Awa, mère d’une victime, est habitée par la même peine que le mari de Fatou Sarr. « J’ai perdu ma fille unique. Elle était mariée et mère de deux garçons et d’une fille de deux ans. Son mari est en Italie. Le jour du drame, elle est venue me voir, nous étions ensemble. Elle m’a laissée ici pour partir chercher des huîtres. Je lui ai toujours déconseillé d’aller en mer parce qu’elle était fragile (…) », relate la mère dans les colonnes du journal.
Fatou Bodian, rescapée du drame, pense devoir son salut à une planche flottant dans l’eau. « Personne ne pensait qu’il y aurait des survivants. On pensait qu’on allait tous mourir. J’étais debout à l’intérieur de la pirogue, quand elle a commencé à chavirer. Mais, certes, mes collègues m’ont tirée et je suis tombée. A trois reprises, je suis tombée dans l’eau et me suis relevée. Heureusement, en me relevant pour la troisième fois, j’ai vu une planche flotter dans l’eau et je me suis couchée dessus. J’y ai passé plus de deux heures flottant dans l’eau. Parce que c’est là-bas que les secours m’ont trouvée », se rappelle la miraculée.

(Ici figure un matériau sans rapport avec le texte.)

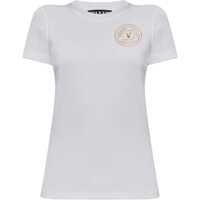 Tricouri "V-Emblem" Logo T-Shirt Femei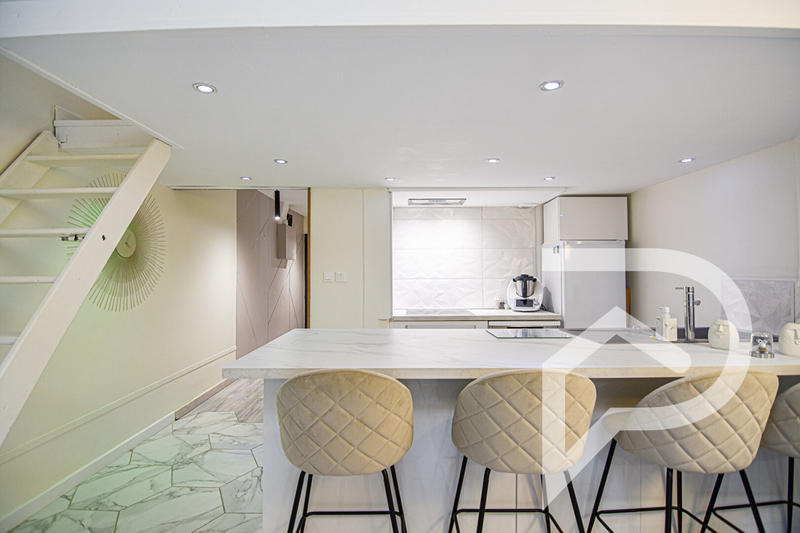 Maison - 58 m² - 2 pièces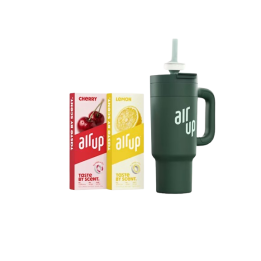 Starter Set Tumbler con manico 890ml - Forest Green | air up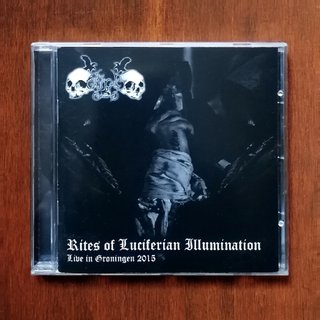 Black Command “Rites of luciferian...” CD 2015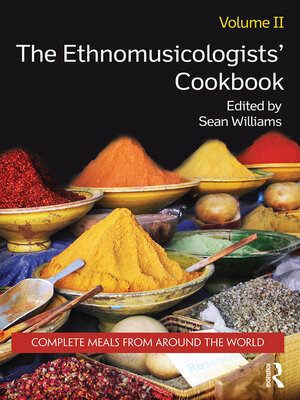 cover image of The Ethnomusicologists' Cookbook, Volume II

« Je ne pourrai jamais oublier cette tragédie »
Mariée et mère de famille, Awa Bodian, 20 ans, pense avoir survécu par miracle. « Je ne peux même pas expliquer ce qui s’est passé. Les choses sont allées très vite. Pour moi, j’ai survécu par miracle. Quand la pirogue a commencé à chavirer, je ne savais pas quoi faire. Je ne voyais que la mort. Pour moi, c’était déjà fini. Et alors, toutes mes pensées étaient tournées vers mon petit garçon. Heureusement, en me retournant, ma main a saisi une planche de la pirogue, à laquelle je me suis accrochée de toutes mes forces. Et là, je voyais les femmes que je connaissais très bien, mourir. Certaines criaient, demandant de l’aide. Je revois encore ces femmes qui ont toutes rué vers le piroguier qui s’activait pour sauver tout ce beau monde. Ce qui était quasi-impossible. Cette image n’arrête pas de tourner dans ma tête. Toute la nuit, j’ai pensé à ça. C’était difficile. Les cris et les pleurs de ces braves femmes résonnent encore dans mes oreilles. Je ne pourrai jamais oublier cette tragédie », pleure Awa Bodian.
L’État du Sénégal, pour porter assistance aux victimes et à leurs familles, a offert 10 millions de FCfa et 10 tonnes de riz. Après la visite du ministre de la Pêche, le président Macky Sall est attendu à Bettenty, vendredi.